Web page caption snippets
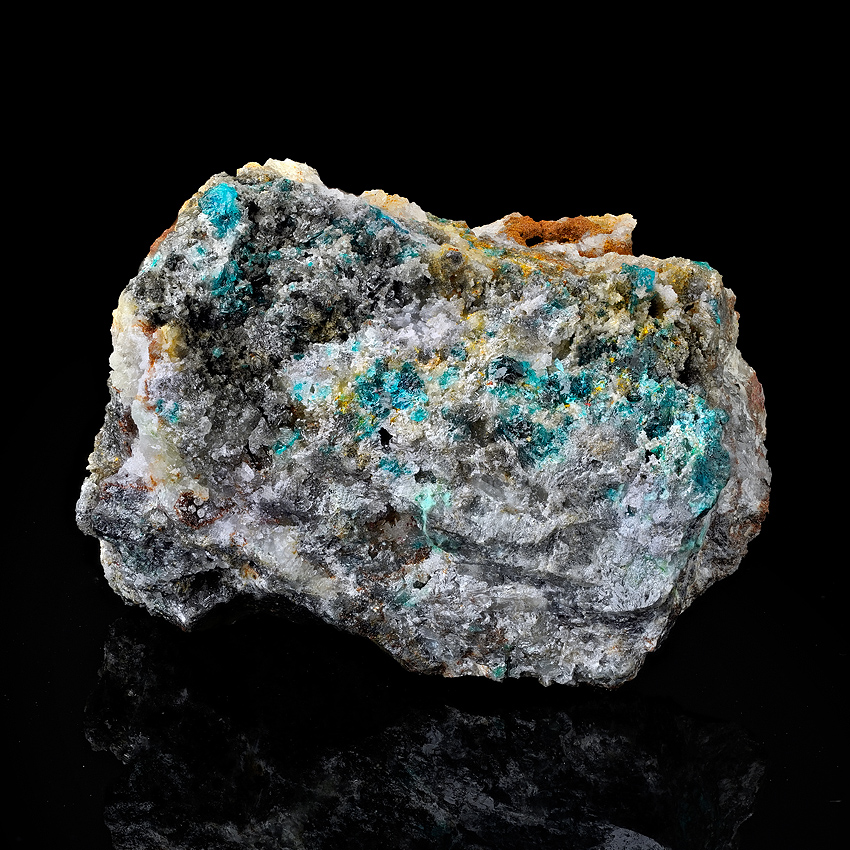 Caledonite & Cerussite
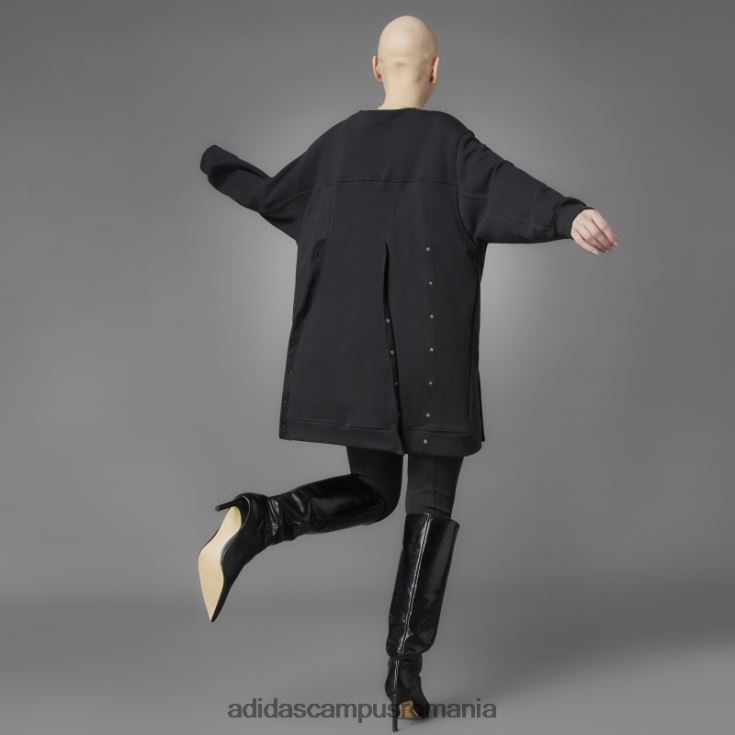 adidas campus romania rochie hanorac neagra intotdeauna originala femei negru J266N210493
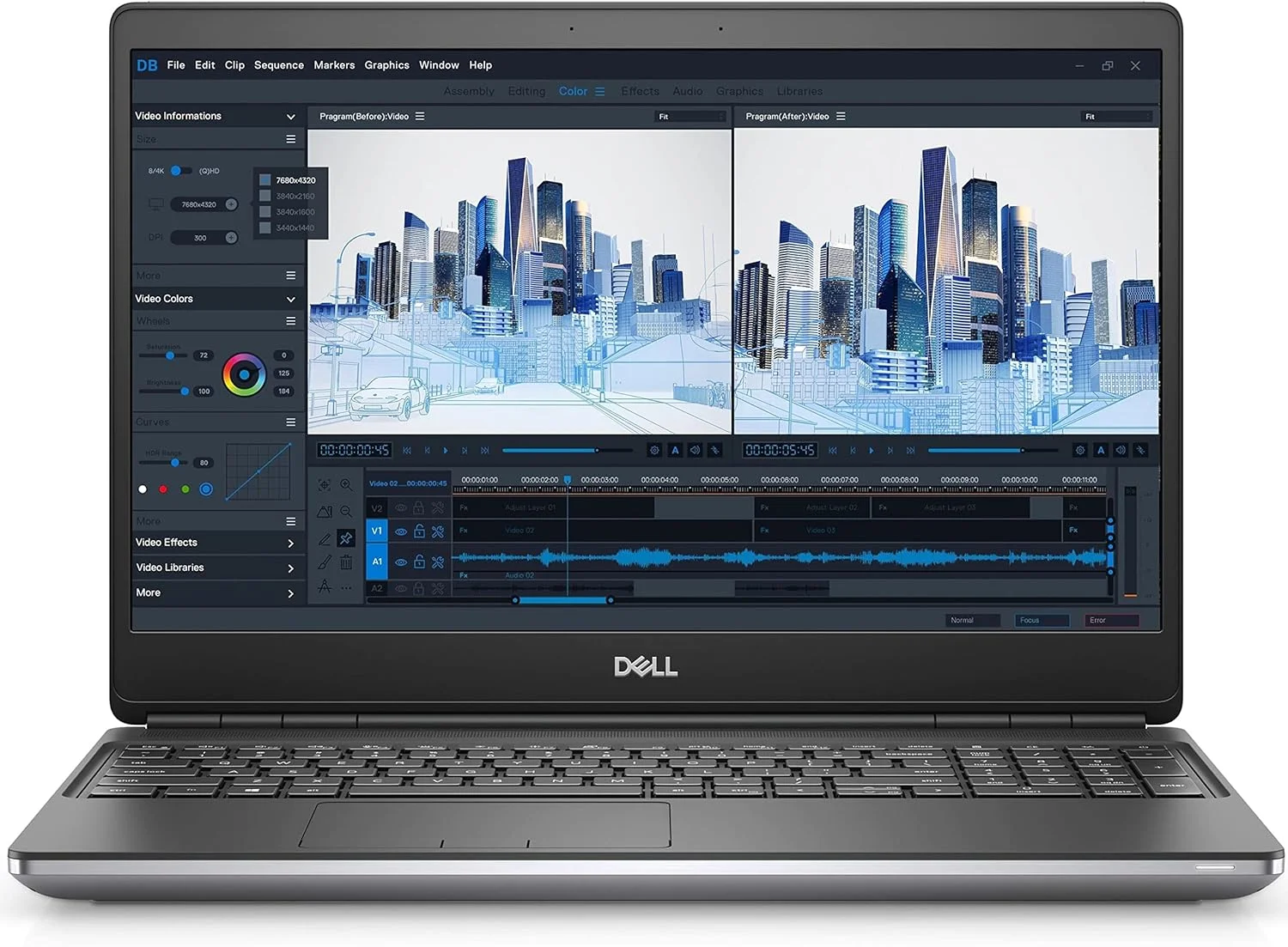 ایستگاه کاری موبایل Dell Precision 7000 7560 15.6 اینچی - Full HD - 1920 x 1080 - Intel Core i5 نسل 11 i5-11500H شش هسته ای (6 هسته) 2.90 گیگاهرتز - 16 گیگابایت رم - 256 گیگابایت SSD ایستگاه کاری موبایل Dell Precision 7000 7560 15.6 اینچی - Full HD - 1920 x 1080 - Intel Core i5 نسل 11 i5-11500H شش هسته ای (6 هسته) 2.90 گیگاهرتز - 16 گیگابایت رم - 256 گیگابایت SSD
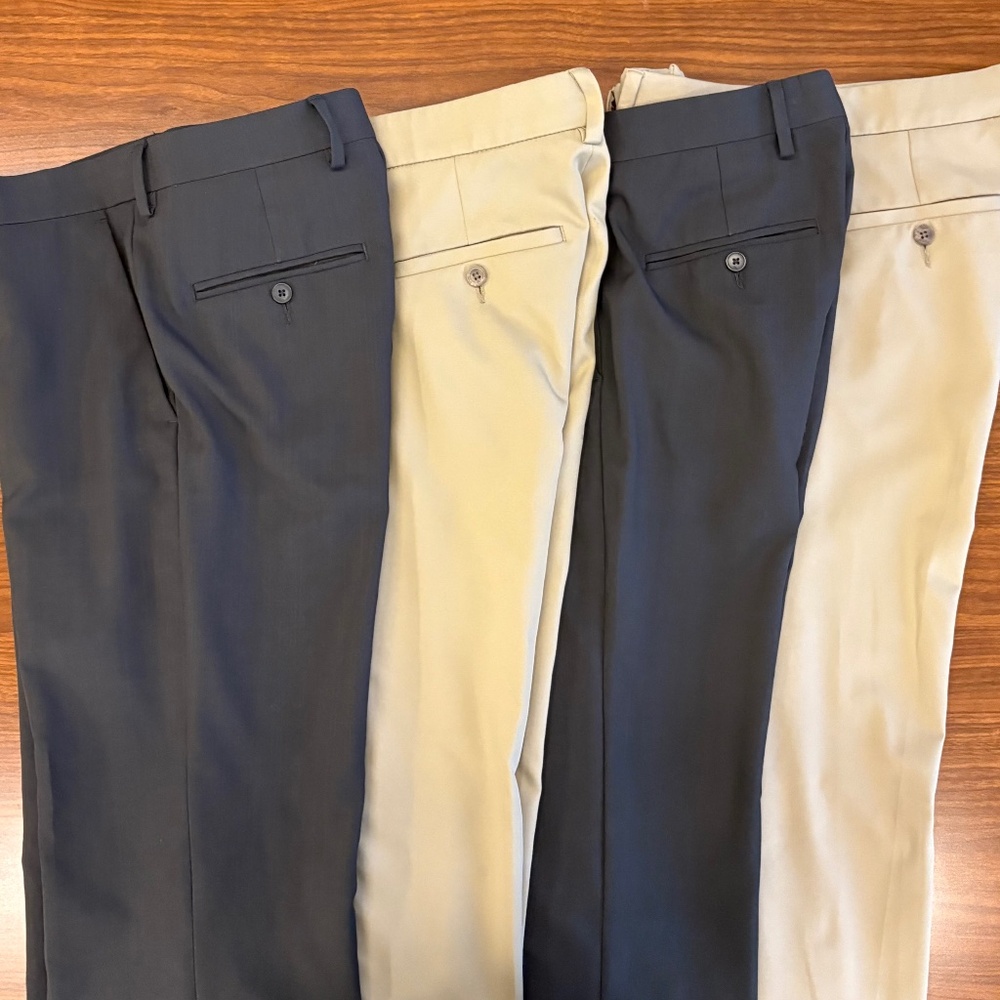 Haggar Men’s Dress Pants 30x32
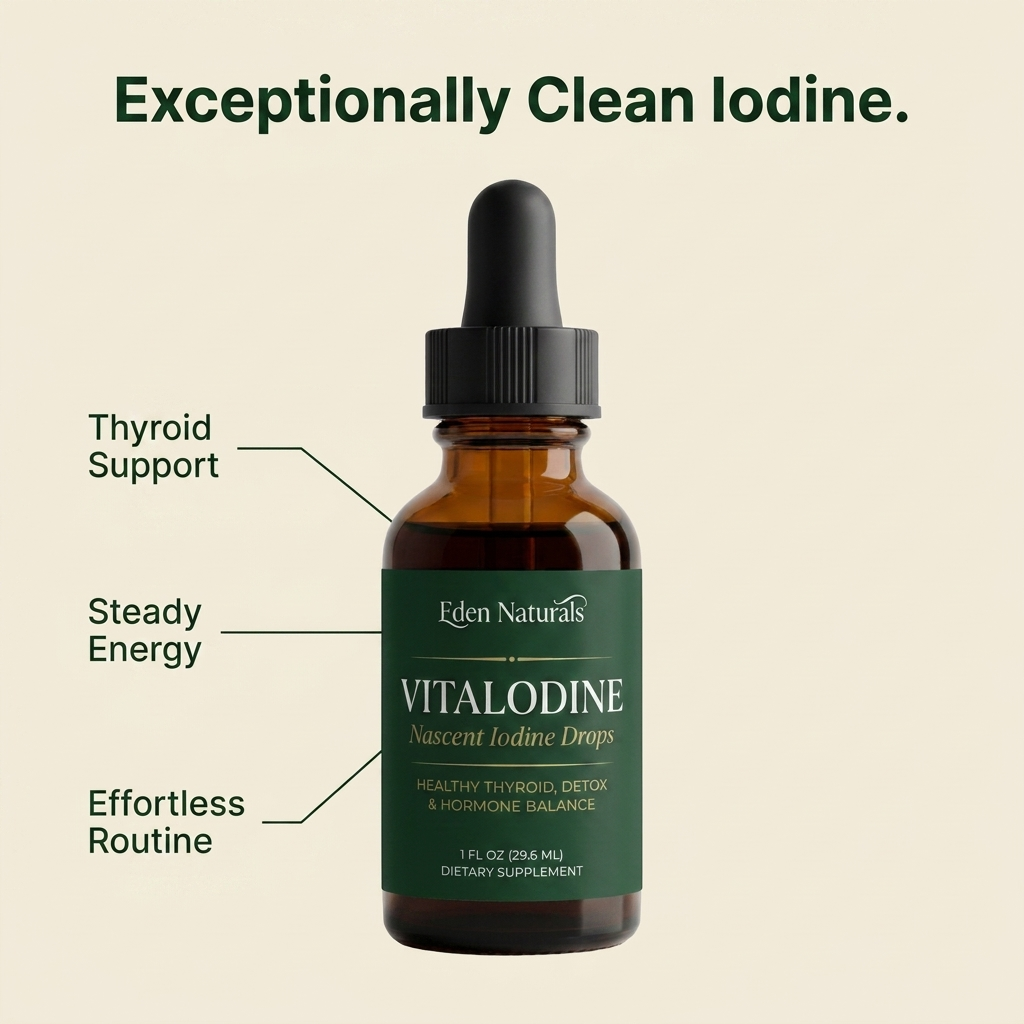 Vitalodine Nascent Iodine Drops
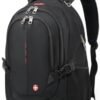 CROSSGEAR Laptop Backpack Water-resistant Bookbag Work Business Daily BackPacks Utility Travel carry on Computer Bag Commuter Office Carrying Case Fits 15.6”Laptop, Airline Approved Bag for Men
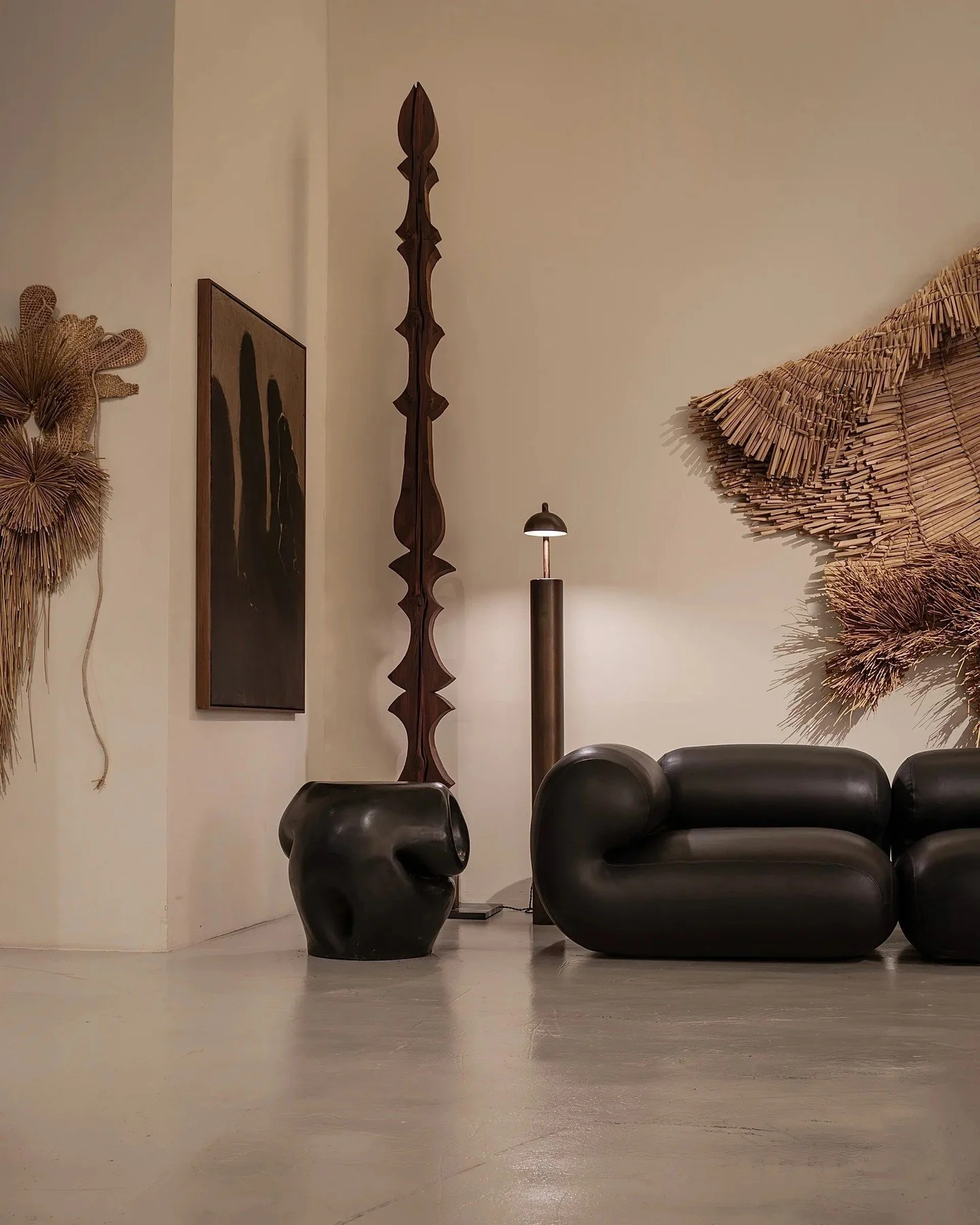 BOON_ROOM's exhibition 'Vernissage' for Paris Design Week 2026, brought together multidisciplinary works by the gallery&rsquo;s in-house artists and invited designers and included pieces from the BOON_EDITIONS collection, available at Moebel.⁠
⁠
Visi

• [WHAT THE TASK ASKS] Only the text of the records belongs in your answer, copied exactly as it appears above.

• [RESPONSE TO THE TASK]
 Caledonite & Cerussite
 adidas campus romania rochie hanorac neagra intotdeauna originala femei negru J266N210493
 ایستگاه کاری موبایل Dell Precision 7000 7560 15.6 اینچی - Full HD - 1920 x 1080 - Intel Core i5 نسل 11 i5-11500H شش هسته ای (6 هسته) 2.90 گیگاهرتز - 16 گیگابایت رم - 256 گیگابایت SSD ایستگاه کاری موبایل Dell Precision 7000 7560 15.6 اینچی - Full HD - 1920 x 1080 - Intel Core i5 نسل 11 i5-11500H شش هسته ای (6 هسته) 2.90 گیگاهرتز - 16 گیگابایت رم - 256 گیگابایت SSD
 Haggar Men’s Dress Pants 30x32
 Vitalodine Nascent Iodine Drops
 CROSSGEAR Laptop Backpack Water-resistant Bookbag Work Business Daily BackPacks Utility Travel carry on Computer Bag Commuter Office Carrying Case Fits 15.6”Laptop, Airline Approved Bag for Men
 BOON_ROOM's exhibition 'Vernissage' for Paris Design Week 2026, brought together multidisciplinary works by the gallery&rsquo;s in-house artists and invited designers and included pieces from the BOON_EDITIONS collection, available at Moebel.⁠
⁠
Visi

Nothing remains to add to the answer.